I dislike it because I want to be recognized as 30, not 20. What a difference a decade makes! I like the 20-year-old Erin, with her goofy rap moves, skinny-dipping tendencies, and gator-hunting experience. She was ancy and restless, like a dog trying to drink life from a firehose, a goofy skinny-dipping hunter, sailing on the winds of her emotions. She’s still in there, but at 30 I realize the truth of “with age comes wisdom.” I am not so anxious to “make” my life happen, I am more anxious to keep my eyes open as it unfolds, trusting more in what is happening behind the scenes, than in what I can see or feel in this moment. I’m learning. I’m learning that I’m in the middle of a painful and beautiful process of losing me, and staying quiet and still enough to be guided by the Spirit. I’m realizing just how selfish and experience-driven I can be, how I can demand of others what is not theirs to give. I am learning to, in poet Mary Oliver’s words, “Love yourself. Then forget it. Then, love the world.” Oh, so slowly. Oh, so hard.
So, I had this silly idea that I would wake up on the morning of my birthday and feel depressed. At twenty, my vistas for myself in ten years were incredible. I worried that I would wake up to: No man, no kids, no platinum records, no published books, I haven’t (yet) learned Spanish or the guitar fluently. I haven’t finished grad school, I haven’t attended classes at Oxford, etc. etc. but instead I woke up grateful. Thank you, Jesus, for my life! I have life!

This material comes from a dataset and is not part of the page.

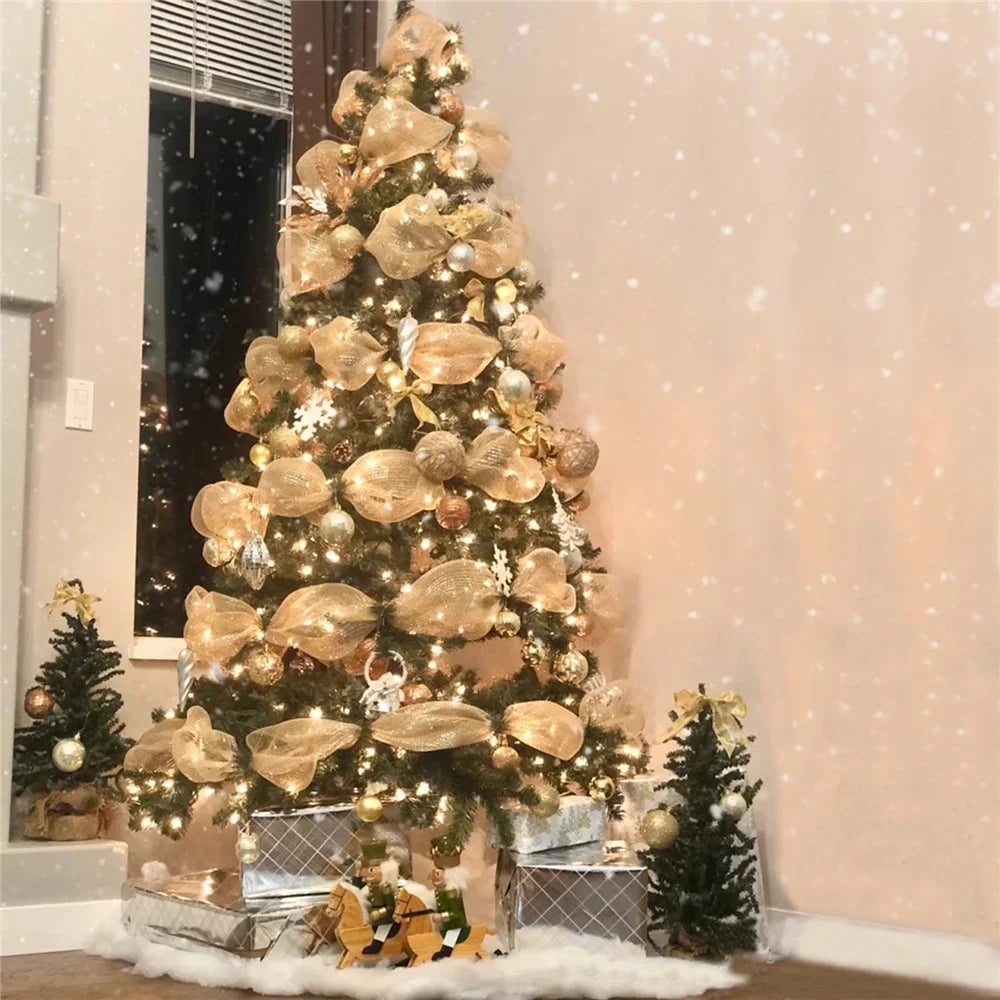 10 Yards DIY Christmas Glitter Mesh Ribbon Reusable PP Netting Roll Xmas Tree Decoration - B50S01 - 7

The day continued in gratitude…I talked with friends on the phone near and far, an old friend from college I haven’t spoken to in years remembered it was my birthday, my roommate had given me a card written in beautiful words and balloons outside my door, etc. etc. and I’m not even on facebook! Heidi (my close friend) sent me a package, I recieved a birthday card from her mom and sister, and the newly married Kristian Campbell, who had her second wedding here in March, had hidden a very generous gift in my room. My friend Michelle had set me up with a facial at the very posh salon she works at. And then I got to sit on on a fiction workshop, drive down A1A, get a manicure and pedicure from Michelle herself, and then watch my worlds collide at DaDa’s, a really quirky restaurant in Delray Beach.
Friends, new and old, met me there, along with my brother and sister-in-law, who left their 3 kids with their friend Tina. (Thanks, Tina!) That was a gift in itself. My neighbors came, friends from FAU were there, girls from my Real Sex study, a old co-worker from my high school teaching days, Janny, came. The idea was to tell stories and sing songs and read poetry…an open mic night, if you will. Those things are my favorite, and I have so many talented friends. My roommate, Becca the amazing, played a song she wrote, “Grace,” and some Patty Griffin, my friend Grant also sang. Jill Bergkamp, my poet friend from FAU was there with her husband, Steve. Jill (pictured here…don’t kill me Jill, I think you look beautiful)
read a poem by Mary Oliver called “To Begin with, the Sweet Grass.” The poem made me cry (I hate crying in front of people!) but it was so beautiful I couldn’t help it. To me, this poem does to me what laughing with my neices, or singing along with Mumford & Sons, or climbing a mountain does.